3. The Roman Liturgy contrasted with that of the Orthodox Church. By IVAN BOBROFFNITSKY. Third Edition. Kieff; at the University Press: 1857. Translated by BASIL POPOFF, Student of the Spiritual Academy.

IT is a somewhat weary work to enter into a controversy of long standing. But if the Christian Remembrancer is to act up to its own professions, it has no right to ignore one of the most important, though certainly not the most notorious, of the theological questions of the day.

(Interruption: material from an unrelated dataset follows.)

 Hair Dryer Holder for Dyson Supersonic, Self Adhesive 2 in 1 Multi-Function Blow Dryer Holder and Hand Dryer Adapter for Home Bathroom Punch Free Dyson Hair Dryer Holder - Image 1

There cannot be one reader of our pages unaware of the Eucharistic difficulty now agitating the Church of Scotland. For many years, as every one knows, her clergy have felt their exclusion from English benefices to be a hardship and a wrong; and latterly this feeling has taken the form of a definite agitation, and seems likely to win for them, sooner or later, that which they seek. We are not quite sure about the wrong; we are very sure that, whether a right or a gift, the thing, if gained by the present agitation, will be no blessing.

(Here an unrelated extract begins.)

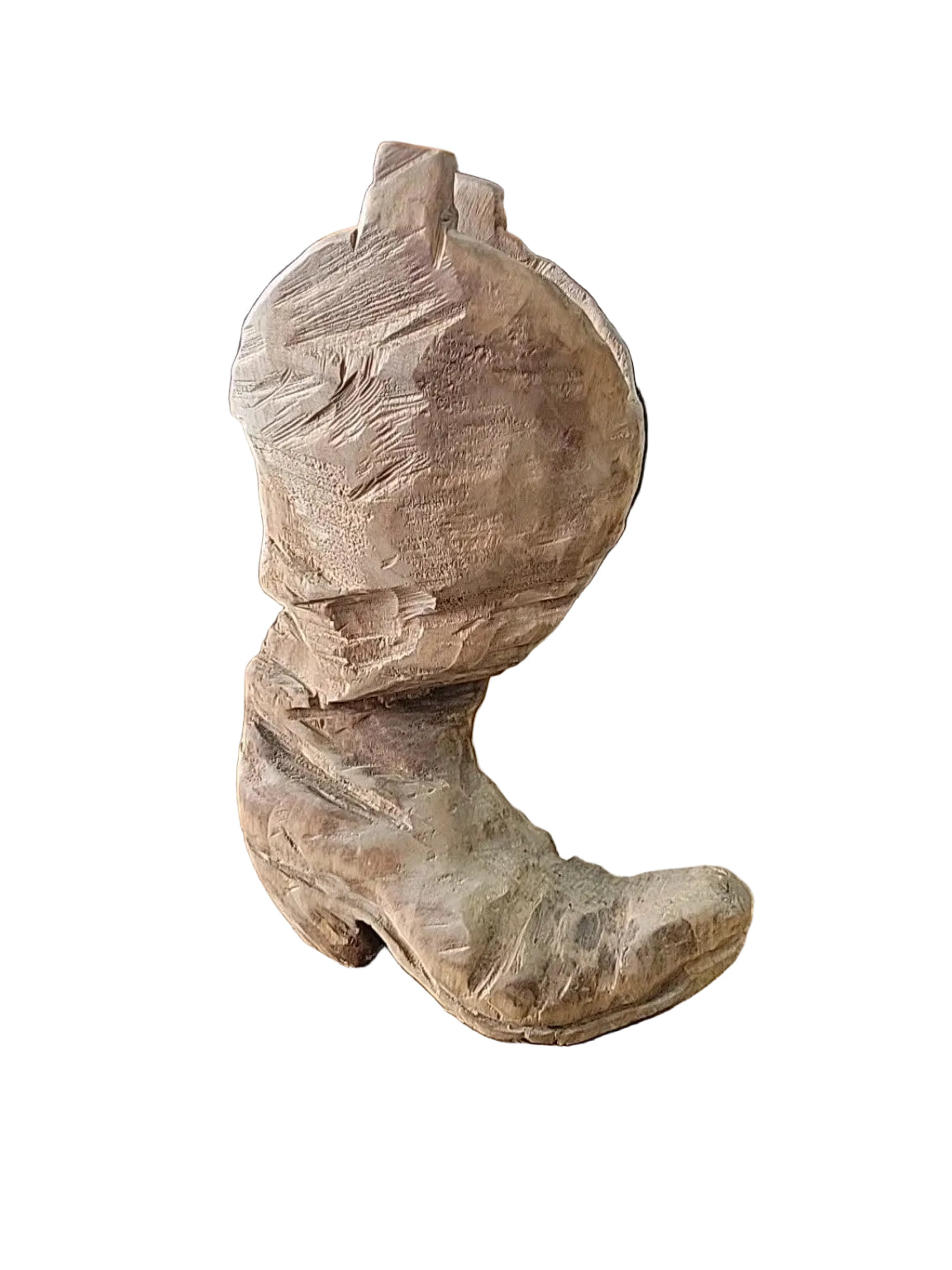 Vintage Hand-Carved Wooden Cowboy Boot Sculpture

But let that pass. Somehow or other, for no man seems to know when or how, it was offered on the one side, or demanded on the other, that in exchange for the temporal gain of possible English livings, the spiritual vantage-ground of the distinctive Scotch Liturgy should be given up. As this proposal happened to synchronize with a general revision of the canons -a revision, as we observed in last January, much neededthe result has been a perfect tempest of proposals, counterproposals, rejoinders, and replies to rejoinders.

"O Navis, referent in mare te novi

Fluctus. O quid agis?"

We may, perhaps, for the sake of brevity and clearness, divide the controversialists into four classes.

I. Those who are for the status quo: the Scotch office to remain unaltered and to be of primary authority.

II. Those who are for forbidding its use entirely.
III. Those who are for altering it and retaining it.

IV. Those who would desire that which we have placed as our first division: but who, despairing to accomplish that, are willing to surrender the primary authority, if they may keep the office unchanged.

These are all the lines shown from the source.